The persecution that Butler has called the “violence of gender norms” is stigmatizing as it dehumanizes those not conforming to gender dualism. The victims are scrutinized as spectacles in a freak show. Many marginalized groups are exposed to similar excoriation.
However, the controversy regarding intersex individuals’ participation in sports remains inconclusive. Many have called for an overhaul of “gender classification” for sports. Contemporary gender theorists, agreeing with Butler, acknowledge that binary gender is neither innate nor universal (citing third gender status in India), and advocate a third gender. Some have suggested that athletes should compete according to the sexual category they have lived as (and in which they consider themselves).
Dr. Eric Vilain (Director of the UCLA Center for Gender-Based Biology) disputes any significance regarding potential advantages of intersex competitors when they participate in organized sports. Dr. Vilain points out that “Elite athletes have inborn advantages over the rest of the population […] Nobody says there should be a level playing field […] If you are gifted, you should do the sport” (article in New York Times, Jan 2010). Accordingly, we do not ban seven-foot-tall players from professional basketball. Similarly, tennis superstar Serena Williams has been acknowledged to possess unusual physical strength that gives her an inherent advantage over female competitors.

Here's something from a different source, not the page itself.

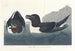 Little Penguin - John James Audubon — artwork view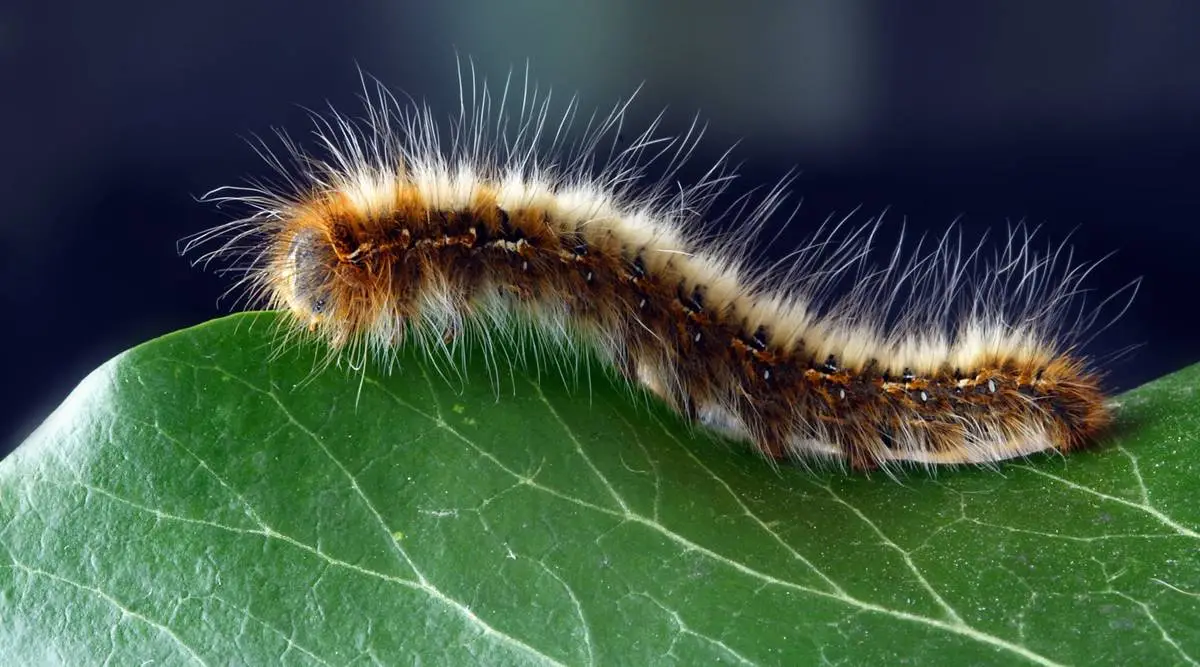 caterpillar infestation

However, (thankfully) there are no calls for her exclusion from tennis. Given this, Semenya should compete within the category that she self-identifies—female.
As the sporting world contemplates some kind of panacea for the categorizations, I consider the philosopher John Stuart Mill’s exhortation to tolerate differences and embrace diversity. He makes the case based on our historical fallibility. Since we have held beliefs in the past that were wrong, our conventional beliefs regarding binary gender might also be wrong. The dialectics of social forces have often shown a hegemonic status-quo violently resisting norms it has failed to understand (rather than seeking illumination). Contra-norms (such as intersexuality) are reflexively branded as antithetical exhibits that threaten the ideal. Thus, they are not only demonized, but are targets for various forms of persecution by the majority.
However, what if the status-quo is wrong? It has been wrong before: executing those who proclaimed that the world was not flat. Perhaps, we should reconsider the veracity of our beliefs about the sex-gender norms—and at least uphold the undeniable rights and dignity of intersex individuals as human beings. This manifestly includes the rights of intersex individuals to choose and self-identify their sex, and the humane accommodation of intersex individuals in sports. This seems implicit in the underlying message of Gender Trouble.
**Dewey & LeBoeuf was dissolved in 2012. This essay was written in 2010, but remained unpublished.